◆ DATA SHOWN:
──────

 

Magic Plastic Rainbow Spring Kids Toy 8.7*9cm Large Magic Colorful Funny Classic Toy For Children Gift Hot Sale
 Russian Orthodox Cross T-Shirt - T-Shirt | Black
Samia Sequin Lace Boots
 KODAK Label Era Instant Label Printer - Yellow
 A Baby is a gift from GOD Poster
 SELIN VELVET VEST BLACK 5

──────

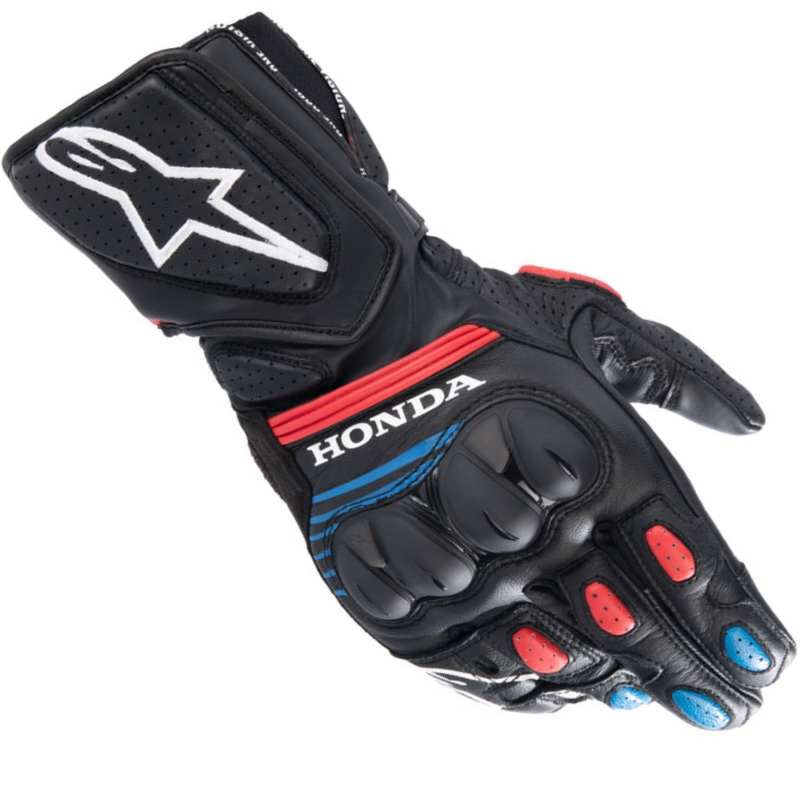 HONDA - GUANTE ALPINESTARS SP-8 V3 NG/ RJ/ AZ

──────

◆ WHAT YOU SHOULD DO: Using only the listing above, restate exactly the lines from the line containing "Magic Plastic Rainbow" through the line containing "SELIN VELVET VEST BLACK 5", both included.

◆ ANSWER SECTION:
Magic Plastic Rainbow Spring Kids Toy 8.7*9cm Large Magic Colorful Funny Classic Toy For Children Gift Hot Sale
 Russian Orthodox Cross T-Shirt - T-Shirt | Black
Samia Sequin Lace Boots
 KODAK Label Era Instant Label Printer - Yellow
 A Baby is a gift from GOD Poster
 SELIN VELVET VEST BLACK 5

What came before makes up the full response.